In a way, Zoe’s drive to find women amongst the Cronulla live music space and use The Buoys as an opportunity for amplifying these women, their work and their presence in the scene is synonymous with what The Buoys are all about, and in turn, have helped a previously male-dominated region for punk music - and other genres - become more inclusive and well-rounded. “Whenever I was looking for a new guitarist or drummer for a project people would be like ‘oh this guy plays’ and ‘oh this guy is good’ and it’s like no! Too easy! There are amazing women out there everywhere, they’re just hiding in the woodworks and you’ve got to find them, especially in somewhere like the Shire,” she explains.

However, things are slowing changing, both in general - as pressure for gender diversity and inclusivity in the music industry increases, so too has seemingly the presence of women and non-binary musicians in the spotlight - and for Zoe specifically, who contrasts a place like The Shire, where she was once one of two female musicians regularly playing shows, and Sydney’s inner-west, where she now lives. “[In the earlier days], I felt like I was a bit of a laughing stock,” she says. “Now, it’s not as hard to find amazing, talented women. It feels so good to be in a position where I once wished one of my friends would ask me to play in a band with them, to now be out there and doing it.”

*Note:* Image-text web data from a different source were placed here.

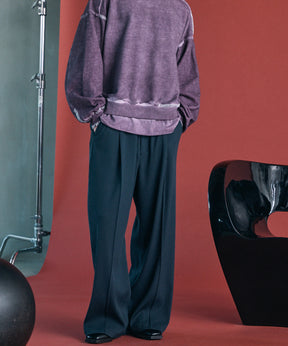 Omega Rib Pin Tuck Prime-Wide Pants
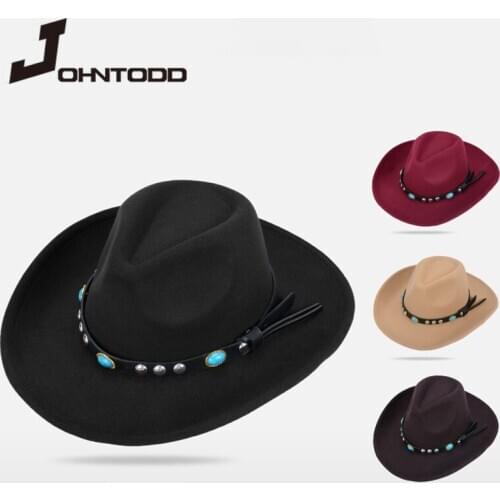 Womens Almighty Wide-brim Fedora Hat Mens Solid Color Wool Felt Hat Mens Autumn and Winter Panama Gambling Yellow Jazz Hat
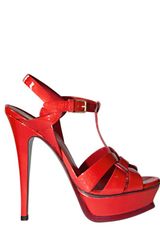 Yves Saint Laurent 140mm Tribute Patent Sandals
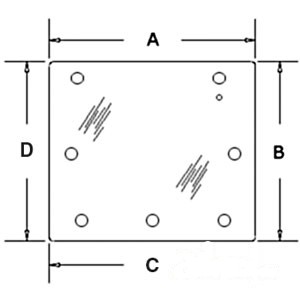 GLASS REAR CAB WINDOW — Part #EAP-172938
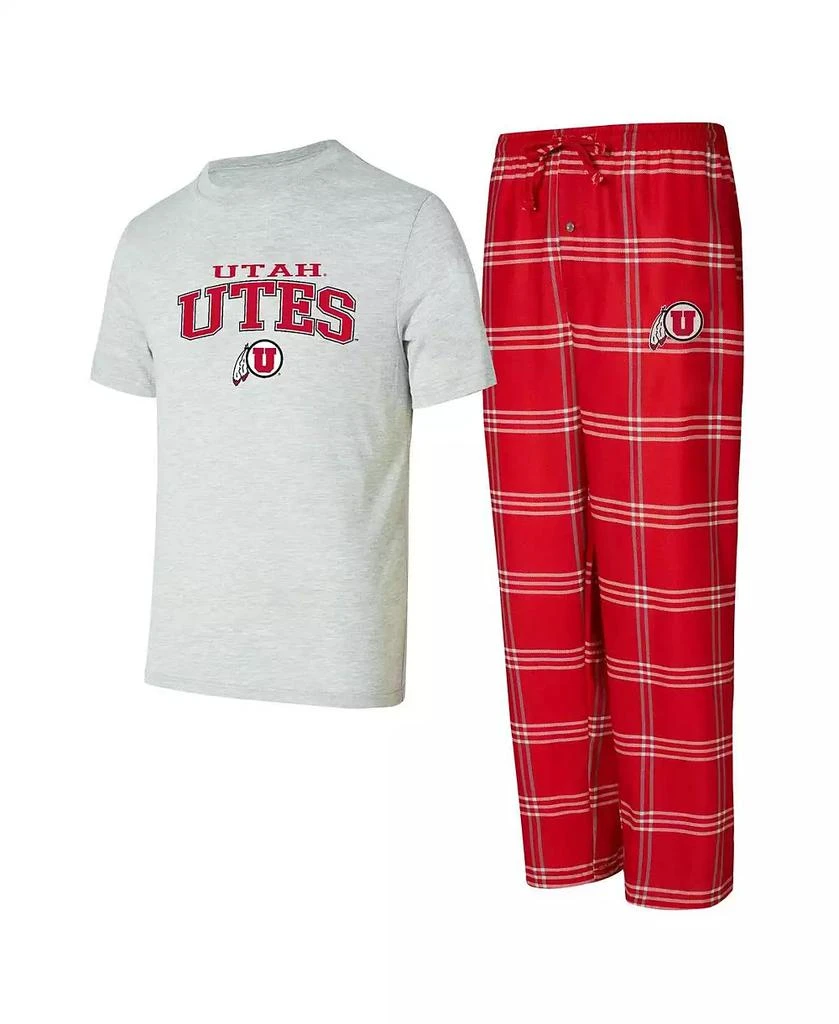 Concepts Sport Men's Utah Utes T-Shirt Pants Sleep Set 1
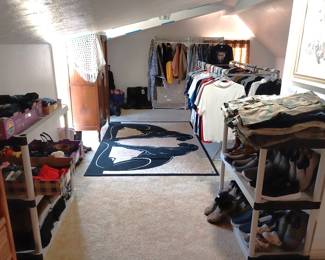 Cougar rug, men’s boots, shoes, socks, hats, gloves, 32-34 jeans, shorts, shirts, thermal underwear, coats, jackets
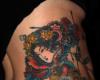 Female warrior after Kuniyoshi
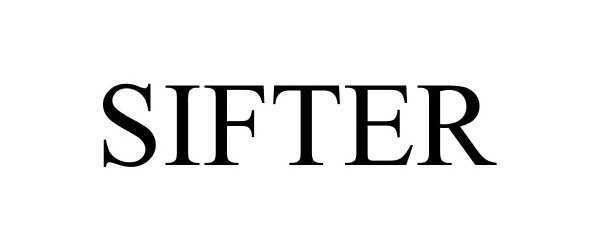 Trademark Logo SIFTER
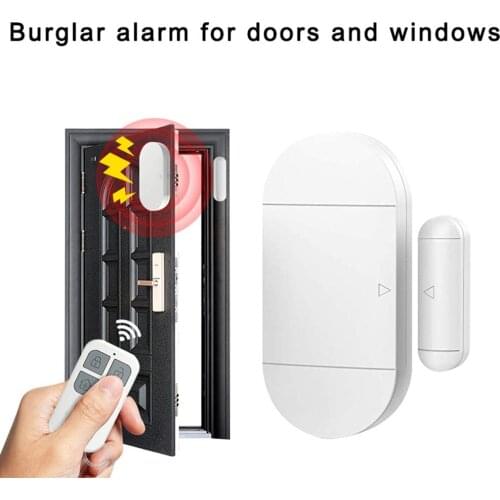 Wireless Door Alarm With Remote Control Windows Open Alarm Home Security Sensor Pool Alarm For Kids Safety Anti-Theft MC-02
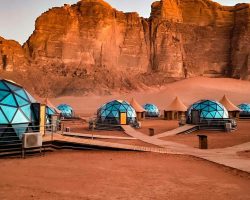 Camping-site-at-Wadi-Rum-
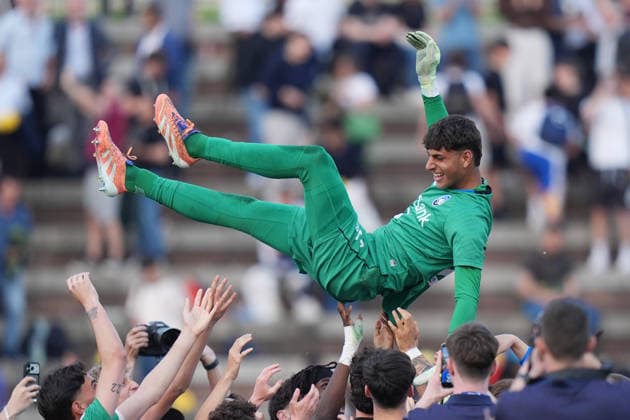 Atalanta™s Alessandro anelli MVP celebrates after scoring 1-1 during the Italian Cup Final Under 20 soccer match between Atalanta and Juventus at Arena Civica Stadium in Milan , north Italy - wednesday , April 29 , 2026. - Soccer .  Copyright: xSpada LaPressex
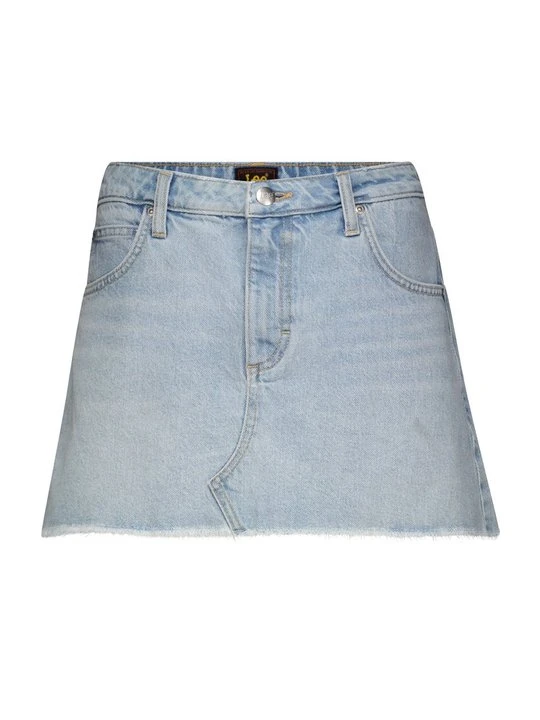 Zdjęcie produktu Spódnica mini Lee jasnoniebieski denim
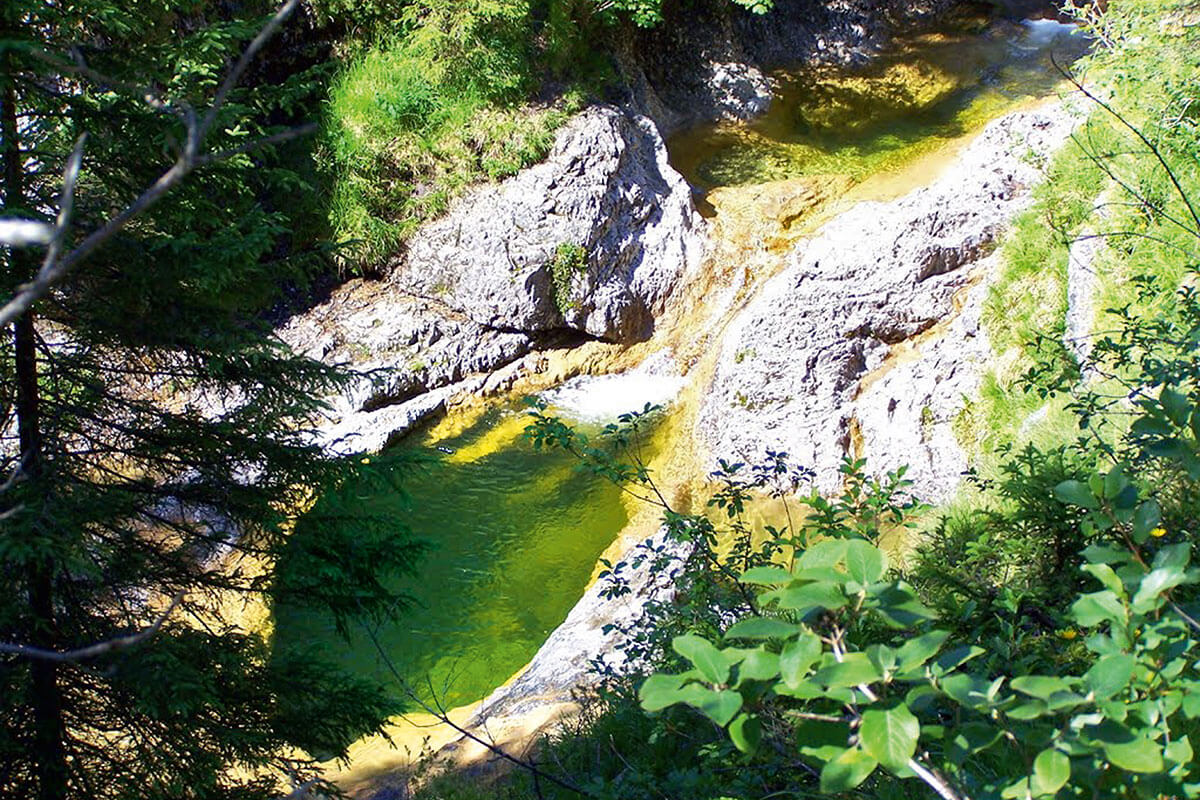 Schronbach Wasserfall. Die fünf schönsten Gumpen der Alpen zum Abtauchen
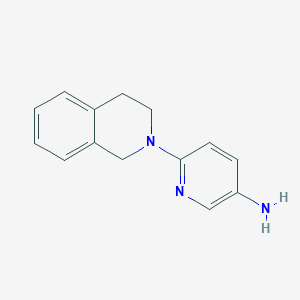 molecular formula C14H15N3 B1317897 6-[3,4-Dihydro-2(1H)-isoquinolinyl]-3-pyridinamine CAS No. 553679-55-3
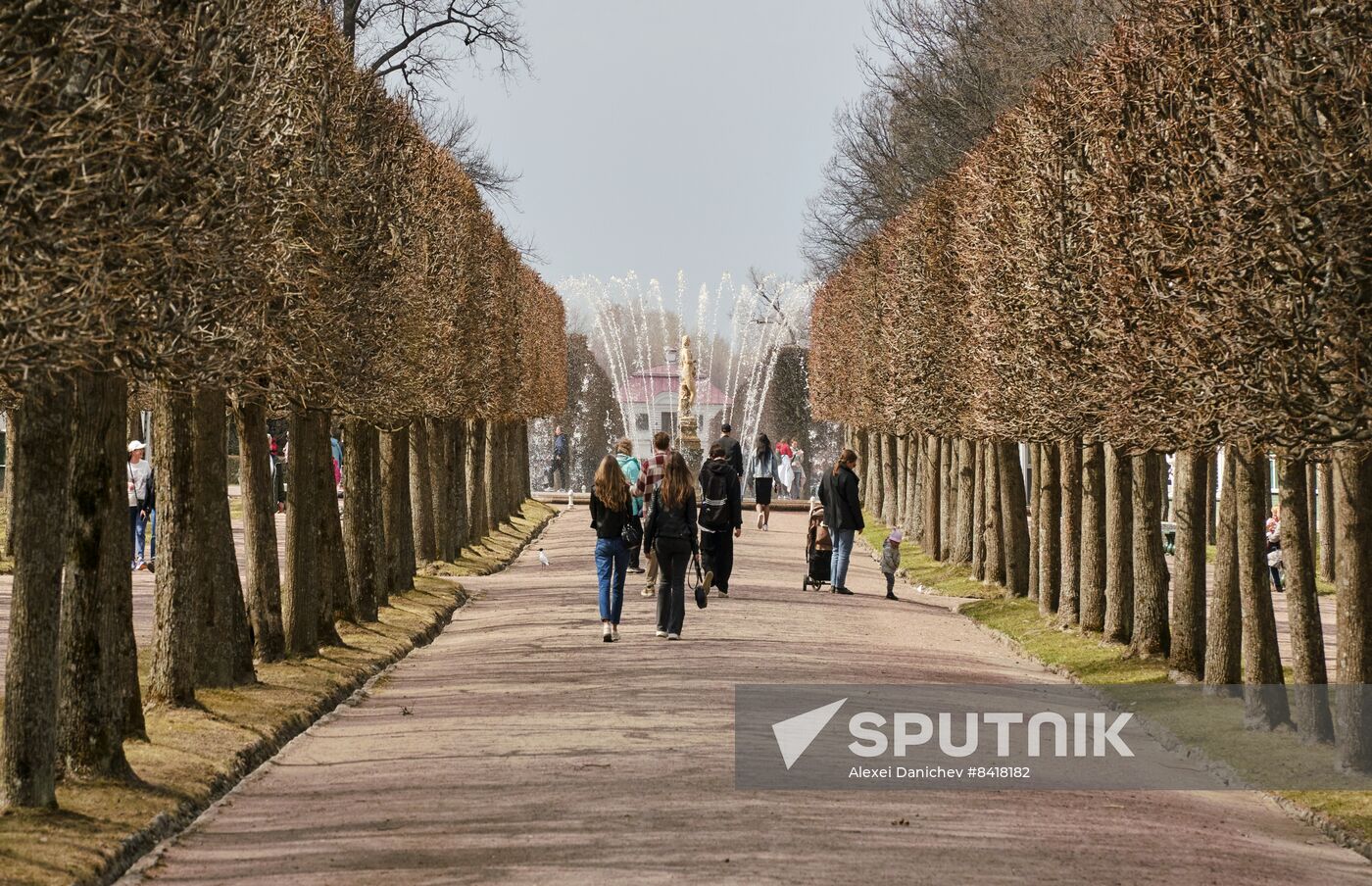 Russia Fountain Season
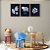 Kit 3 Quadros Decorativos Urso Florido Folhas Preto e Branco Frase Permaneça Selvagem - Imagem 9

This drive to elevate and spotlight women - not just in music, but across a range of roles adjacent to the band - is something that’s core to The Buoys, and a record like All This Talking Gets Us Nowhere proves that complaints of it “being too difficult” to hire women or that they “were all booked out” is a farce. For this EP campaign, for example, not only do The Buoys and sit front and centre of the record, but it’s aided by women in a variety of roles: recording engineers, photographers, publicists, video directors, managers and so on.

“I hope that when I ask other women to join us, that they’re stoked to work with other women who are trying to do the same thing, which is lift each other up.” 

The Buoys' new EP All This Talking Gets Us Nowhere is out now via Spunk Records.